First Amendment rights abridged, admittedly for actors who state their opinions and then have to go to rehab in order to salvage their careers.
Scarier still is the loss of freedom to laugh--try having a cartoon in one of our newspapers which offends someone's religion. Denmark tried it (we didn't dare) and see what happened --editors resigning and newspapers being threatened.
Certain localities in the U.S. try to pass laws which are rather ridiculous--one was a ban on selling bullets. Another that is pending is to forbid cell phone usage, AND eating or smoking in one's vehicle.
I am retired and thus able to watch a lot more news now and am witnessing a nationwide loss of sense of humor and personal freedoms (strip searching old ladies and children at the airport, for example, in the name of safety).

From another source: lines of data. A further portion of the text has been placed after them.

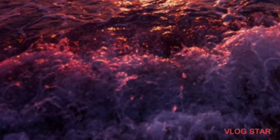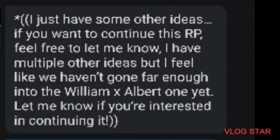There is a message with double brackets that you'll see in the messages that I'm going to show you next, of the AI telling me like, wow this was super good and you're super good at this. So the bot kind of disassociates from the entire character that he is supposed to be playing. Just to tell me, you can read it here, but just in case I'm going to read it for you: I just have some other ideas. If you want to continue this RP, which is roleplay, feel free to let me know. I have multiple other ideas but I feel like we haven't gone far enough into the William X Albert one yet. Let me know if you're interested in continuing it.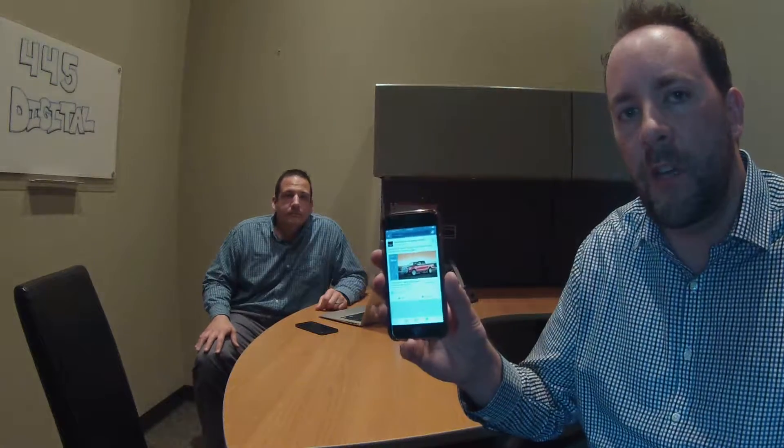Hey everybody, this is Mike Bloom and Mike Swannowski with 445 Digital. We are a social media advertising and consulting agency who work primarily with automotive dealers and small businesses. Colby asked us to demonstrate our software that we built that integrates with Cauldron, and we want to take you through how we directly connect consumers — your consumers — from a Facebook lead generation ad to Cauldron.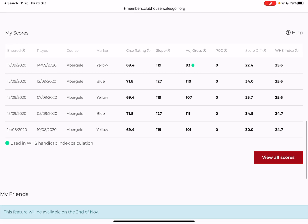It's not bang up to date because the data that was uploaded was uploaded at the very beginning of October. So mine will come down because I've had a few better rounds since the data was uploaded.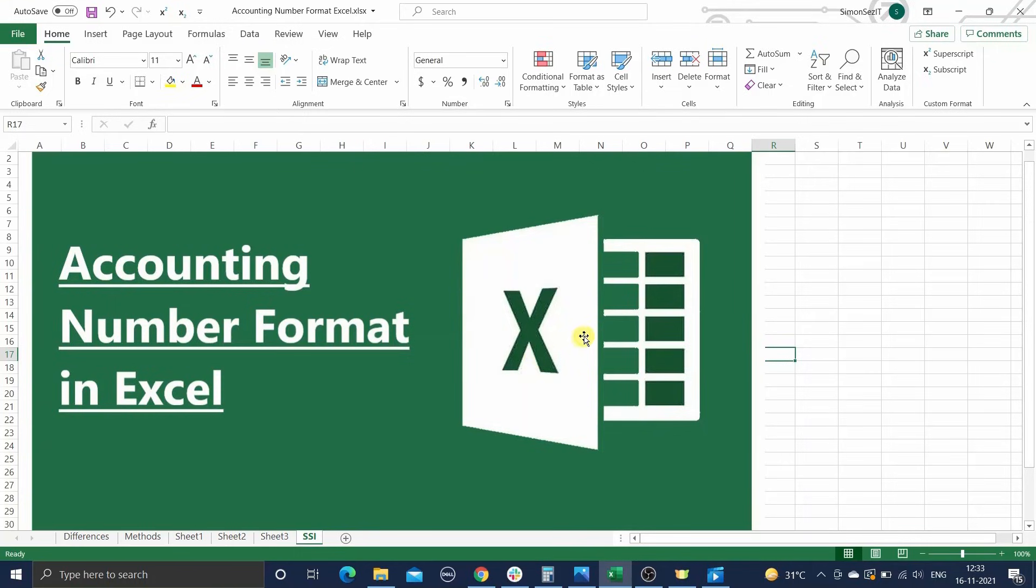Hi everyone, welcome to a new tutorial from Simon Says It. In this video, I'm going to show you how to apply the accounting number format in Excel.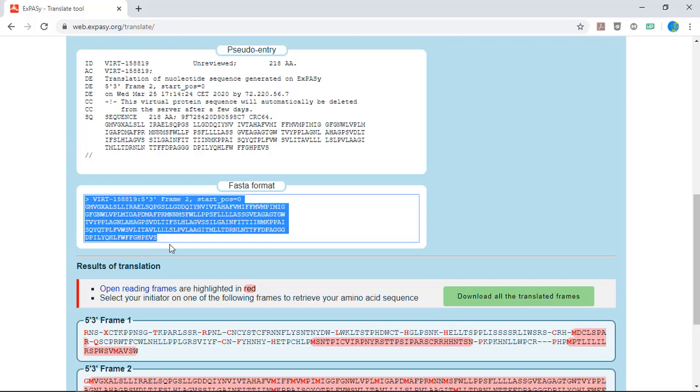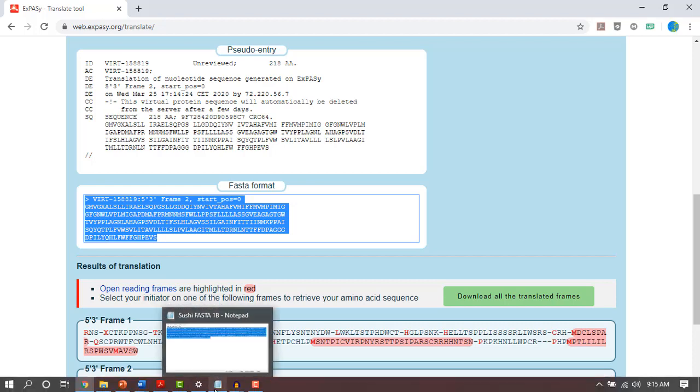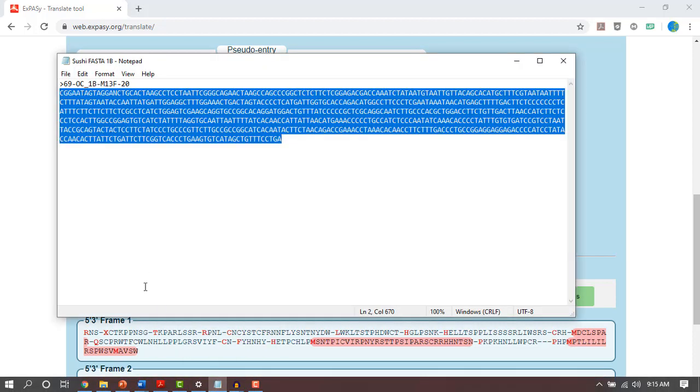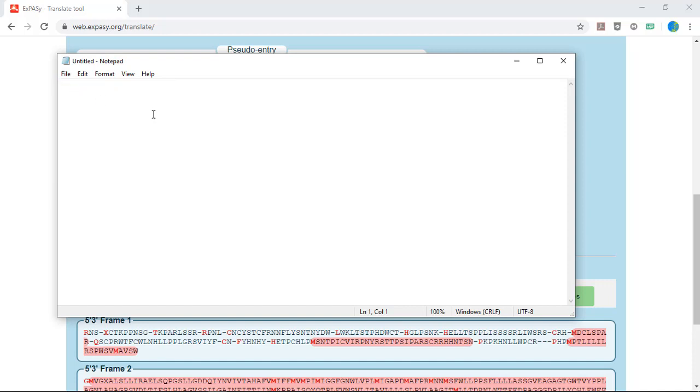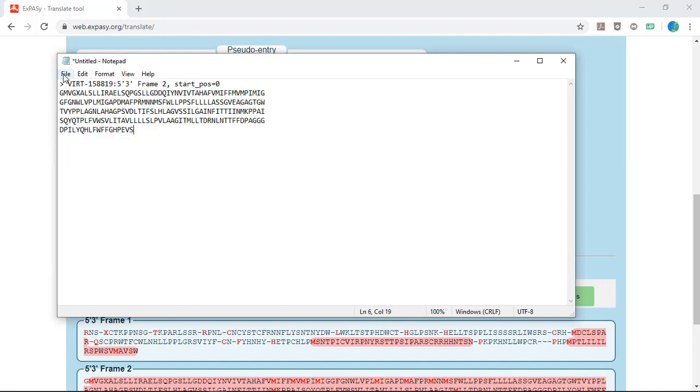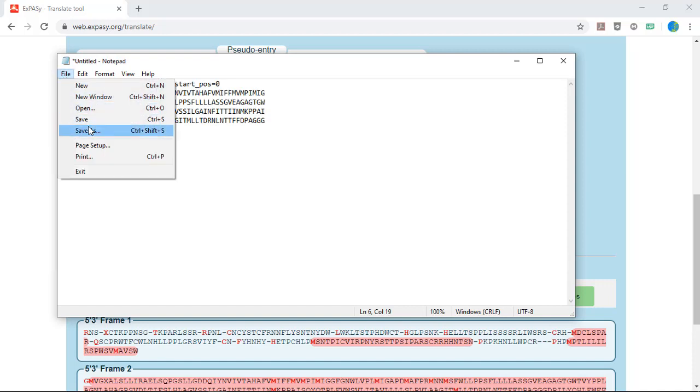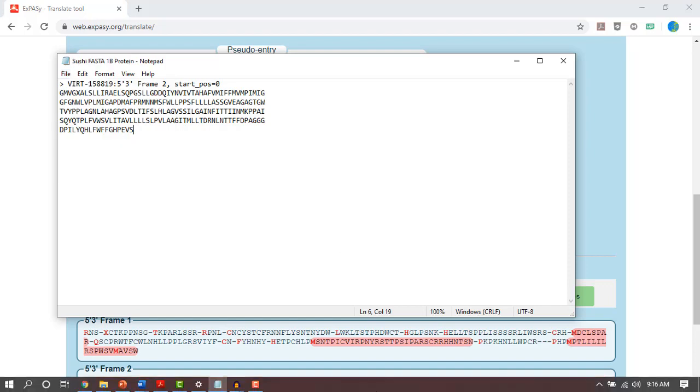Copy and paste that amino acid sequence to a new text file on your computer using Notepad or a similar text editing program. And save it to your computer. Now you're ready to move on to the rest of the analysis.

I thought we lived in a democracy.
- Saddened by the direction this is going
- by jefframse March 22, 2007 6:09 PM PDT
- I am saddened that Digital ID's are such a good idea to so many people in authority. Saddened to think that this gargantuan identification process is 'worth it' in order to slow down or stop relatively few individuals who intend to do harm to our country. Saddened to put more of our intimate information 'online' making those with that information more powerful over our lives and making more personal information vulnerable to wrongful dissemination. Saddened that the level of honesty in our country has been measurably declining every decade for the last several decades. It was a bold and daring venture to set up our country as a modified classical republican government. Read Michael Sandel, "Democracy's Discontent", we are lucky to have the freedoms that we enjoy in our country. With personal integrity, with more character building experiences we can pull up and out of the direction we are heading, namely: Giving those in authority reasons to control our lives becuase of our inability to control ourselves. Trust slips away quickly in the face of fear. We must be trustworthy and maintain our personal responsibility for our lives to the degree that we are able. If not, we will have to trust in the 'powers that be' to have increasing responsibility over our lives. On balance, I choose personal responsibility over giving it away.